> **DATASET CONTENT**

────────

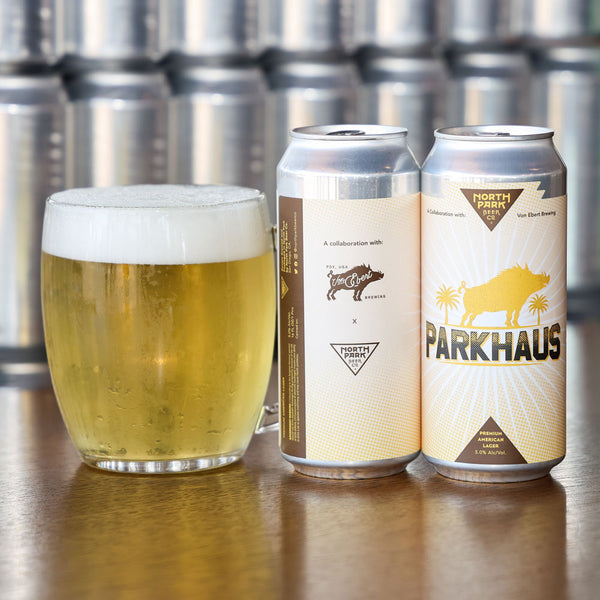 Two cans of Parkhaus beer and a glass of beer on a wooden surface with metal kegs in the background.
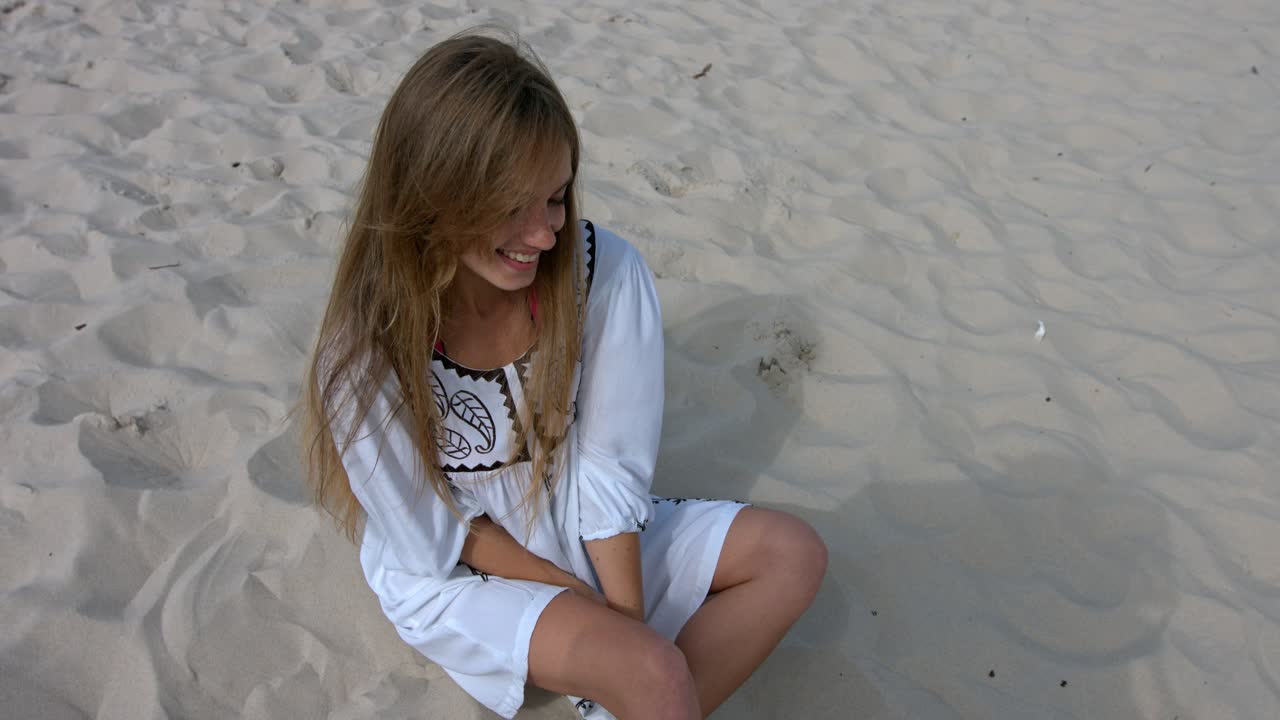 Happy smiling girl sitting on sand on the beach.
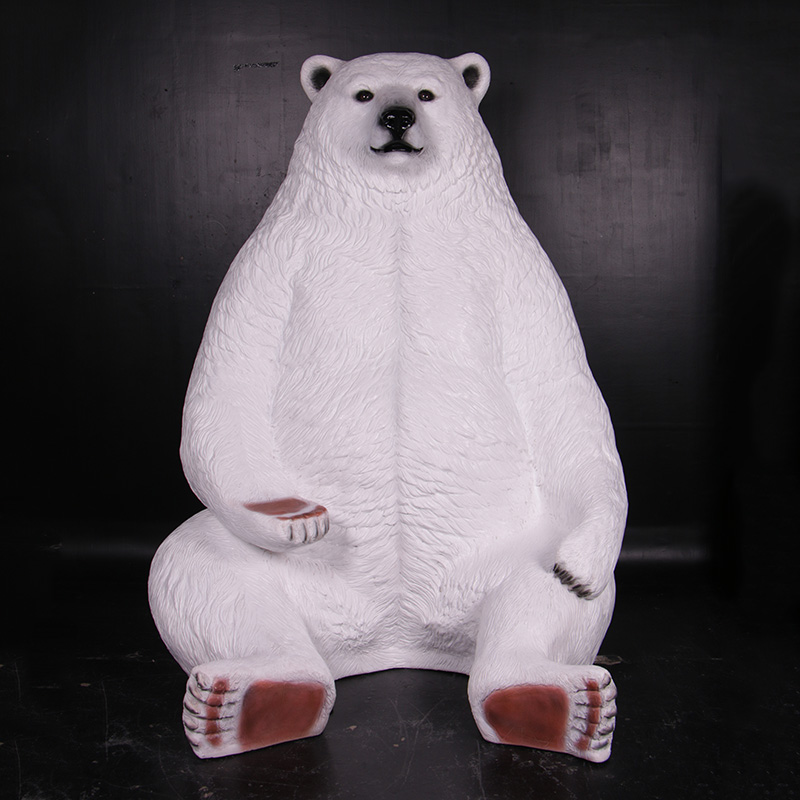 Large white polar bear statue sitting upright with it's paw functioning as a seat against a black background.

────────

Word for word, reproduce the material above and omit each image.

 Two cans of Parkhaus beer and a glass of beer on a wooden surface with metal kegs in the background.
 Happy smiling girl sitting on sand on the beach.
 Large white polar bear statue sitting upright with it's paw functioning as a seat against a black background.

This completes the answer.